### ABOUT THIS EXERCISE
Will you quote only the lines starting at the one that contains "Men's Batik-Washed Sleeveless Vest" and ending with the last line of the listing below, inclusive?

***** AVAILABLE DATA

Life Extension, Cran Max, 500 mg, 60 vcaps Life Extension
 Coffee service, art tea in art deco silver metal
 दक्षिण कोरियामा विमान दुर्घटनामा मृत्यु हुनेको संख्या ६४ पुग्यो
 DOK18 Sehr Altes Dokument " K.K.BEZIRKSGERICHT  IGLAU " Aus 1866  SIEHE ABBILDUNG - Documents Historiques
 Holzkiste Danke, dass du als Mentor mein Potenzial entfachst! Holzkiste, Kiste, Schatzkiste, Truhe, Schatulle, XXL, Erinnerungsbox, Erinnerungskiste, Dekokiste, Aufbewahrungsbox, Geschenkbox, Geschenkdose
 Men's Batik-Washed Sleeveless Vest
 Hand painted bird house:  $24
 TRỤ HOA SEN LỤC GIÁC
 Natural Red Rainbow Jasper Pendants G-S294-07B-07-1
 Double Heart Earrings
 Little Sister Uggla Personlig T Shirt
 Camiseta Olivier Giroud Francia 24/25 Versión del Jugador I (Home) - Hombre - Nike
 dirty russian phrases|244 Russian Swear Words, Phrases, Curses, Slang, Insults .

**********

### EXPECTED OUTPUT
 Men's Batik-Washed Sleeveless Vest
 Hand painted bird house:  $24
 TRỤ HOA SEN LỤC GIÁC
 Natural Red Rainbow Jasper Pendants G-S294-07B-07-1
 Double Heart Earrings
 Little Sister Uggla Personlig T Shirt
 Camiseta Olivier Giroud Francia 24/25 Versión del Jugador I (Home) - Hombre - Nike
 dirty russian phrases|244 Russian Swear Words, Phrases, Curses, Slang, Insults .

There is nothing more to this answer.